Task objective:
A single stretch of the material below is to be transcribed exactly, starting at the line with "Padlocks on a" and ending after the line with "a white dresser".

Records provided:
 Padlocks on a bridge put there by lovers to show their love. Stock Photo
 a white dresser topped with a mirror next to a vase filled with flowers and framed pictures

--

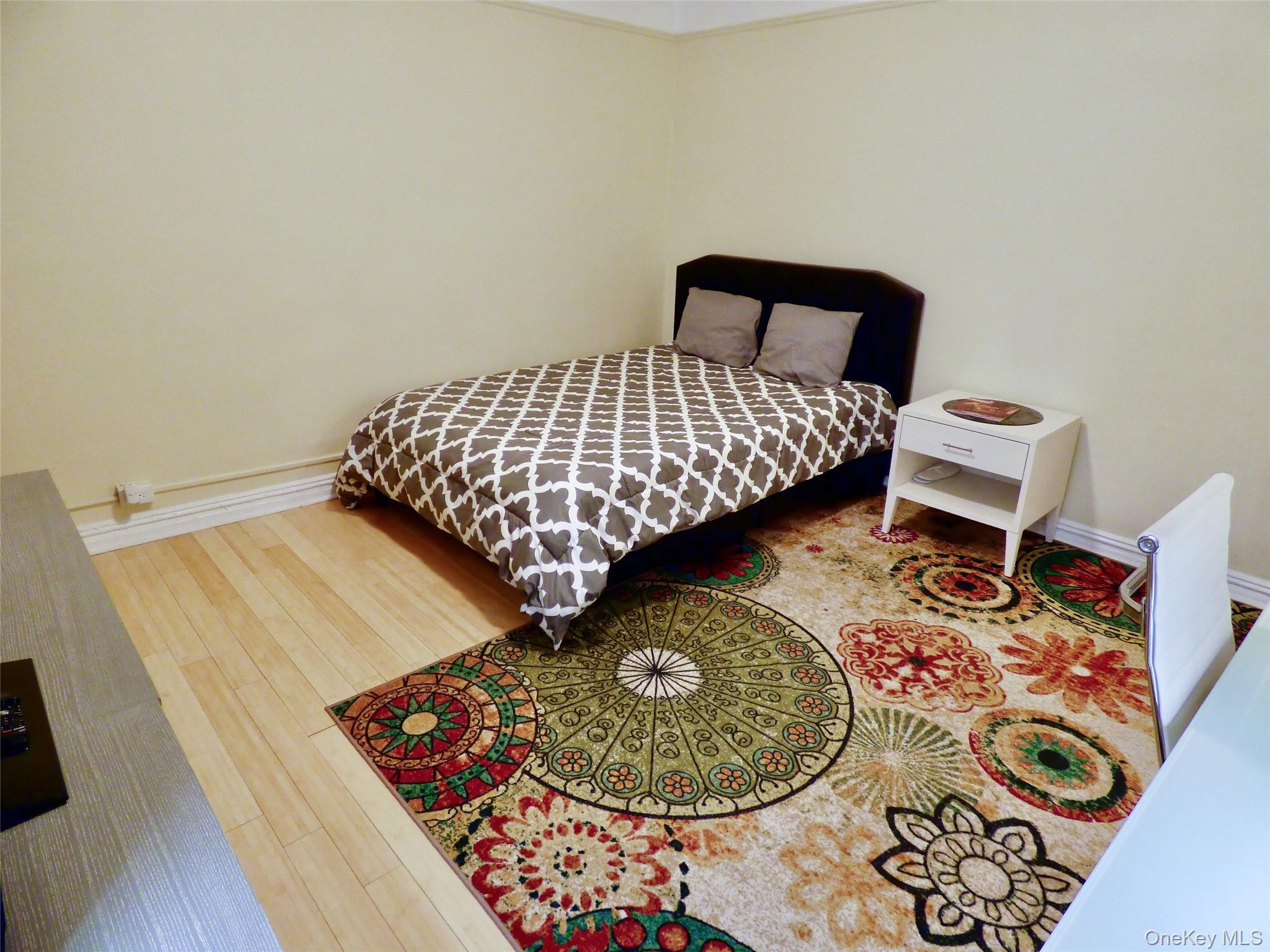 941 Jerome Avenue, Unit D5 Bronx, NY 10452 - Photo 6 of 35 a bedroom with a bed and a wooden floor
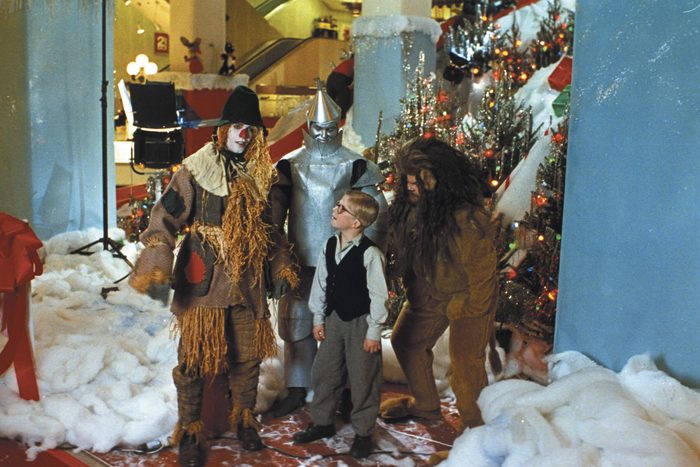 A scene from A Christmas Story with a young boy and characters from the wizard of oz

Solved problem:
 Padlocks on a bridge put there by lovers to show their love. Stock Photo
 a white dresser topped with a mirror next to a vase filled with flowers and framed pictures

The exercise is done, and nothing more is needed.